O mito também mostra a queda do discípulo da senda, ocasionada pelo encantamento com a sabedoria, que traz à tona o vício da vaidade, da presunção e da ganância, e da falta da paciência.
Extrai-se ainda do mito o ensinamento sobre a importância da obediência à hierarquia ou ordem sagrada, pois, uma vez que Ícaro desobedeceu às orientações de seu pai, que representa o mestre, rompeu com a hierarquia, de forma que saiu do caudal de energia cuja rota seria horizontal. Rompendo a hierarquia, ele enfraqueceu, decaiu e faleceu.
Ainda se extrai o ensinamento de que, embora um discípulo ou mesmo o mestre se desvie, o outro não deve esmorecer e segui-lo na queda, pelo contrário, deve continuar seu caminho espiritual, já que cada um tem o seu, muito embora o ponto de chegada seja único.
2) Das Leis Psicológicas (Psique) – O mito também nos ensina sobre o comportamento da psique humana. Quando se refere ao labirinto, faz analogia às sombras da psique, uma vez que Dédalo era o engenheiro responsável pela criação do labirinto e um dia se viu preso dentro de sua própria construção. Com isso, o mito quer nos ensinar que nós criamos nossas sombras que, ato contínuo, terminam sendo o instrumento que nos aprisiona pelo viés das debilidades psicológicas como o medo, a projeção da culpa, o comodismo, a indolência e outros vícios que acabam por influenciar e determinar as escolhas que fazemos continuamente em nossas vidas.
Ensina, ainda, sobre o livre arbítrio que nos permite inclusive fazer escolhas contrárias a nossos interesses, porém, inexoravelmente, colheremos os resultados dessas escolhas, sejam elas boas ou ruins.
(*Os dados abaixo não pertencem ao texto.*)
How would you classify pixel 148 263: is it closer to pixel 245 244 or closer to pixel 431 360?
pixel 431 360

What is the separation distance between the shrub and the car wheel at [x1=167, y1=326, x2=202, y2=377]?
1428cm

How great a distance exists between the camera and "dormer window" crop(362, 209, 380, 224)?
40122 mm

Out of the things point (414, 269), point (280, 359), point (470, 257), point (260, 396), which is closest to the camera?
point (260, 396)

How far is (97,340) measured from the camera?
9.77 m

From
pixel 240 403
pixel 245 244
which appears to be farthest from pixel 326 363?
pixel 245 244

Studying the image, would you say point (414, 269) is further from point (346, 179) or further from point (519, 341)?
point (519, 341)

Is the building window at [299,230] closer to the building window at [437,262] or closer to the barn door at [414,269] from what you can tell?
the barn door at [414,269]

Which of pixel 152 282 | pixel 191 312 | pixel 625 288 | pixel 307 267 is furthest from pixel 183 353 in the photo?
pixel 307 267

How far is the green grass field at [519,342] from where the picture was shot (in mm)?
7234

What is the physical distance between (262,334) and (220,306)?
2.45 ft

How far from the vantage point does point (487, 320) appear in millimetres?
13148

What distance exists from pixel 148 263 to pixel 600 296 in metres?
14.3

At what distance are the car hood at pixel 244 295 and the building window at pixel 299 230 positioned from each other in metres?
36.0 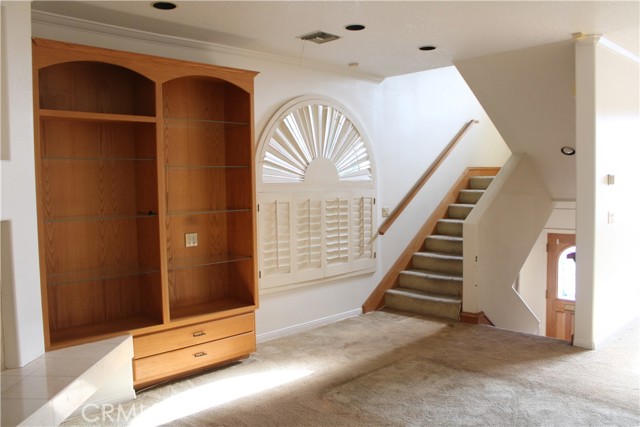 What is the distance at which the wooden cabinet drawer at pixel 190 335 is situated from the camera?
344cm

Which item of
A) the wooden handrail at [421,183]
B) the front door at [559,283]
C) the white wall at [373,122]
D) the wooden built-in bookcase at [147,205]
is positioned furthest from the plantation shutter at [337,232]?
the front door at [559,283]

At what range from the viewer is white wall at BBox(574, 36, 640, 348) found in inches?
161

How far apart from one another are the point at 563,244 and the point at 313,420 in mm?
6230

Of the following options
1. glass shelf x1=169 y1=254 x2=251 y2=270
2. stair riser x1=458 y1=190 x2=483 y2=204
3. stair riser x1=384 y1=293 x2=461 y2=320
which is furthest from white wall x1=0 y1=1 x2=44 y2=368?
stair riser x1=458 y1=190 x2=483 y2=204

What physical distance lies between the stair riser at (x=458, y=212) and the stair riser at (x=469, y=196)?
236mm

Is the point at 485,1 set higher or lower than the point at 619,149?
higher

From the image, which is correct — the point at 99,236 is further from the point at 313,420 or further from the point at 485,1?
the point at 485,1

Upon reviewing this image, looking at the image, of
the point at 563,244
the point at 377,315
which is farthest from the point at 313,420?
the point at 563,244

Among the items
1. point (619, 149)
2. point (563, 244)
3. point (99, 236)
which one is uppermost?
Result: point (619, 149)

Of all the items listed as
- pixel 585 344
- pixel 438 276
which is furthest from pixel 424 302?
pixel 585 344

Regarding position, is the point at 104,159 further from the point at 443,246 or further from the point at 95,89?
the point at 443,246

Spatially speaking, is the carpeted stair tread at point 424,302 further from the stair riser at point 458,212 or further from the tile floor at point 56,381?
the tile floor at point 56,381

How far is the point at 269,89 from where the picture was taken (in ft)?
14.9

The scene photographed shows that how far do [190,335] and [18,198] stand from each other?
1.51 m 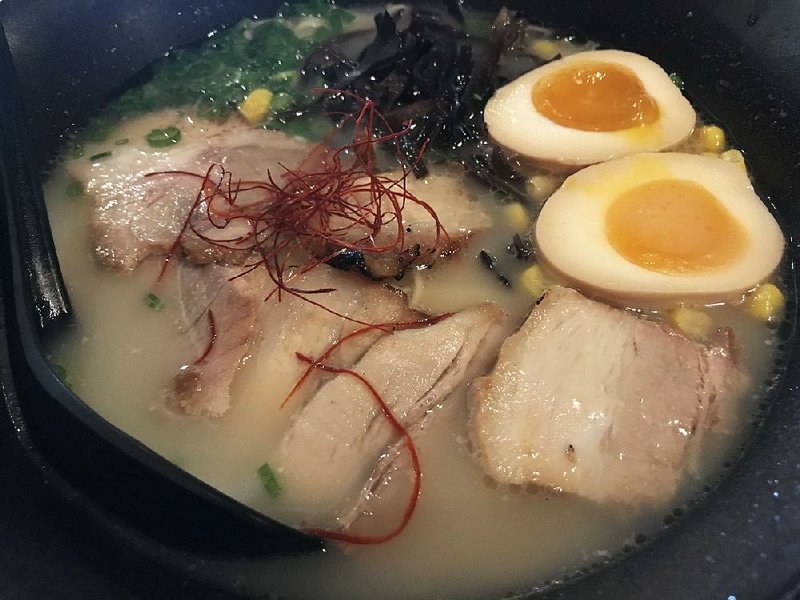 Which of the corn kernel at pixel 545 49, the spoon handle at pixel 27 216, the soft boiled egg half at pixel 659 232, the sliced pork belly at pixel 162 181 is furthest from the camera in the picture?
the corn kernel at pixel 545 49

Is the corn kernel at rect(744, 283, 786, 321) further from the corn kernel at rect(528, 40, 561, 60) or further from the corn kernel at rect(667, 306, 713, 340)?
the corn kernel at rect(528, 40, 561, 60)

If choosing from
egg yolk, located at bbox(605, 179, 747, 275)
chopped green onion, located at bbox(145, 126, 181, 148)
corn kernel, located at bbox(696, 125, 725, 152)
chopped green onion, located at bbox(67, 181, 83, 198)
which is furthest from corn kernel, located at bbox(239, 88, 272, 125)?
corn kernel, located at bbox(696, 125, 725, 152)

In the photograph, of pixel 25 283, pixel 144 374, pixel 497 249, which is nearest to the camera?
pixel 25 283

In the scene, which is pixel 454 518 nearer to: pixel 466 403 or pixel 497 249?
pixel 466 403

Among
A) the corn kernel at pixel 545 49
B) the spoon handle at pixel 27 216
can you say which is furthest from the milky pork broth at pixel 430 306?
the corn kernel at pixel 545 49

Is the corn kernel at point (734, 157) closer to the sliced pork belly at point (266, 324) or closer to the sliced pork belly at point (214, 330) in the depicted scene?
the sliced pork belly at point (266, 324)

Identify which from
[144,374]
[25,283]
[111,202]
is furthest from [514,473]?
[111,202]

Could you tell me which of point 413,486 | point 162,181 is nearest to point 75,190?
point 162,181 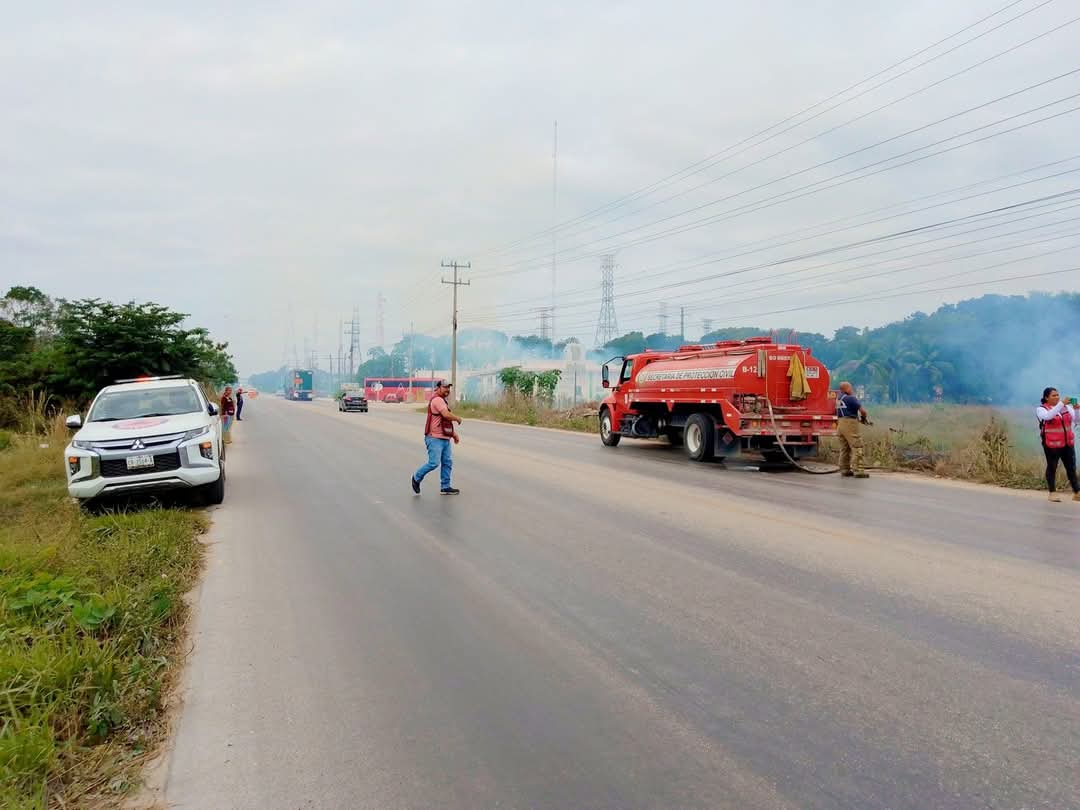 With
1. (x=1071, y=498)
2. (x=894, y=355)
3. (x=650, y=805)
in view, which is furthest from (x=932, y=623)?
(x=894, y=355)

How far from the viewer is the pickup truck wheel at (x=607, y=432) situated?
21828 mm

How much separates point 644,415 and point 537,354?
105764mm

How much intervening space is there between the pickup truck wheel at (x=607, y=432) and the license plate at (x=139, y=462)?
45.7 feet

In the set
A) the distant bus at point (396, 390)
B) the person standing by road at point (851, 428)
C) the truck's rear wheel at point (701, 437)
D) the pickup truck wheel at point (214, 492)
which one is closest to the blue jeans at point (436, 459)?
the pickup truck wheel at point (214, 492)

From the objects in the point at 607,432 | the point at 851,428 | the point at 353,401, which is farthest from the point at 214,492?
the point at 353,401

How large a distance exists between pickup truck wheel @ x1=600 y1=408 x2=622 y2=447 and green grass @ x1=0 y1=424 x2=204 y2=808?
1469cm

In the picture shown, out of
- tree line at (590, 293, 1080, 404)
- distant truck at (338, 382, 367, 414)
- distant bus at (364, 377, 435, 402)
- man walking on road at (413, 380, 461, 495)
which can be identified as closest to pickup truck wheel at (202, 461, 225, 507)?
man walking on road at (413, 380, 461, 495)

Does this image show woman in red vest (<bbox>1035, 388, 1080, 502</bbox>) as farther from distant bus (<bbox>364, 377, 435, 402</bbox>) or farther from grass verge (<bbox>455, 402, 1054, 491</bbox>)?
distant bus (<bbox>364, 377, 435, 402</bbox>)

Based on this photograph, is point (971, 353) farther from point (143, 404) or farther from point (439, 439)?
point (143, 404)

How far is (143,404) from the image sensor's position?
11.0 meters

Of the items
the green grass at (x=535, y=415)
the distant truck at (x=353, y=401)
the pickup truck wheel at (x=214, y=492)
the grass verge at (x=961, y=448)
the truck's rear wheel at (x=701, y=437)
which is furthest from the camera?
the distant truck at (x=353, y=401)

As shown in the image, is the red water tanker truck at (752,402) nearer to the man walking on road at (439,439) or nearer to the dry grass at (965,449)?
the dry grass at (965,449)

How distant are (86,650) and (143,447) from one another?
5.99 m

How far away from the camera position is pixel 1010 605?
5.59 m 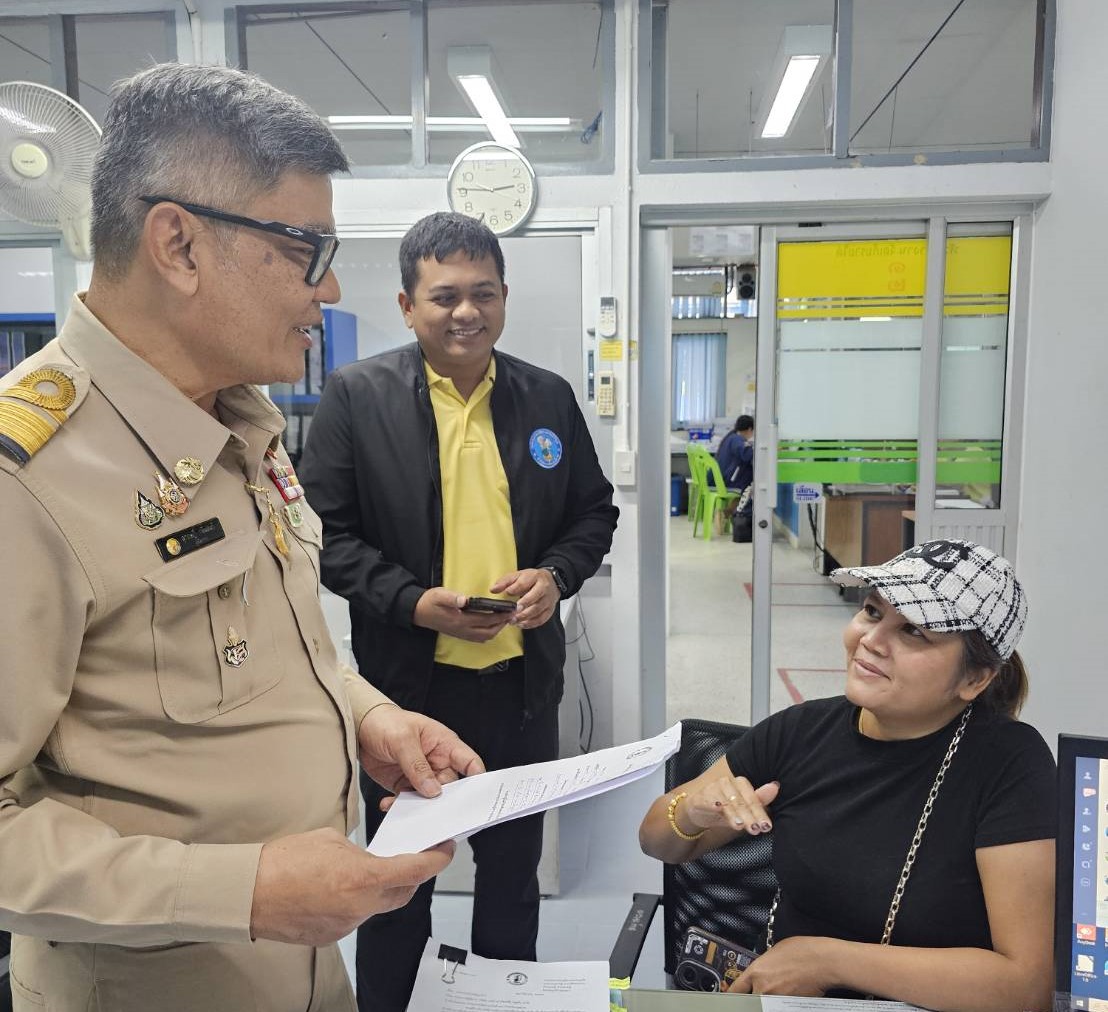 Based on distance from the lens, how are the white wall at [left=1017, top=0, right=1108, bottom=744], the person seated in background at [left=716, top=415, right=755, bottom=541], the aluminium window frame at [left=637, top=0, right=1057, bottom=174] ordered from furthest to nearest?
the person seated in background at [left=716, top=415, right=755, bottom=541], the aluminium window frame at [left=637, top=0, right=1057, bottom=174], the white wall at [left=1017, top=0, right=1108, bottom=744]

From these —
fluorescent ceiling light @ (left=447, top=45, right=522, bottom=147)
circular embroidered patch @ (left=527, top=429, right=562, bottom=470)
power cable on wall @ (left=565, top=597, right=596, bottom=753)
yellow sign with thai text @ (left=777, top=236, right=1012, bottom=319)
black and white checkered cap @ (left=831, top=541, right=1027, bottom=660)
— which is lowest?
power cable on wall @ (left=565, top=597, right=596, bottom=753)

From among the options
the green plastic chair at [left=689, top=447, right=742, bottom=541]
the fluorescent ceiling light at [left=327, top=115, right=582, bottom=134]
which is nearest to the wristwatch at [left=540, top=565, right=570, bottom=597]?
the fluorescent ceiling light at [left=327, top=115, right=582, bottom=134]

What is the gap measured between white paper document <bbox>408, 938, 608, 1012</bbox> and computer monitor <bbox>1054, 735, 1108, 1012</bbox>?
520mm

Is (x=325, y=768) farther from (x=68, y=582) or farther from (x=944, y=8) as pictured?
(x=944, y=8)

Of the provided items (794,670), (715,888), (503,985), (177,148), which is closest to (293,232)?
(177,148)

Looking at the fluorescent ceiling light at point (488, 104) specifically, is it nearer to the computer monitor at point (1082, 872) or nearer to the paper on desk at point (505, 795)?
the paper on desk at point (505, 795)

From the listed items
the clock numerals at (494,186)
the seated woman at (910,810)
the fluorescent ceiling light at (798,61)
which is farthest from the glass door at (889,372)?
the seated woman at (910,810)

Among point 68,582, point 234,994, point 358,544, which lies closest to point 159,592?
point 68,582

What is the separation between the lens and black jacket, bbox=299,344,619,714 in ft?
5.96

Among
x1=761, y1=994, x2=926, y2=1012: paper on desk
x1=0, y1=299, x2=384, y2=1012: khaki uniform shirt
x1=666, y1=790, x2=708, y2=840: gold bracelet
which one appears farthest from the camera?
x1=666, y1=790, x2=708, y2=840: gold bracelet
3) Das Leis Materiais (Soma) – Quanto aos aspectos mais concretos, o mito nos reporta à responsabilidade sobre a paternidade e/ou maternidade, já que, uma vez responsáveis por nossos filhos, devemos oportunizá-los e permitir-lhes terem suas próprias experiências para, então, poderem amadurecer e tornarem-se capazes de realizar seus sonhos, inclusive conquistar a independência material. No mito, Dédalo acaba por fazer todas as tarefas, desde a ideia até a confecção das asas, sem a participação de seu filho, que acabou por perder suas referências básicas materiais e alçou voo nas alturas, o que acabou ocasionando sua morte. Na verdade, Ícaro não estava preparado nem havia sido devidamente treinado e orientado pelo pai. Esta alusão simbólica, repete-se constantemente nos fatos da vida. Veem-se heranças serem rapidamente consumidas por uma geração de herdeiros despreparados e descompromissados, filhos dilapidando o patrimônio dos pais ou, ainda, filhos que não desenvolveram maturidade emocional por terem sempre sido abastados materialmente e que, por conseguinte, desconhecem o valor das coisas, além de não saberem reagir às contrariedades da vida.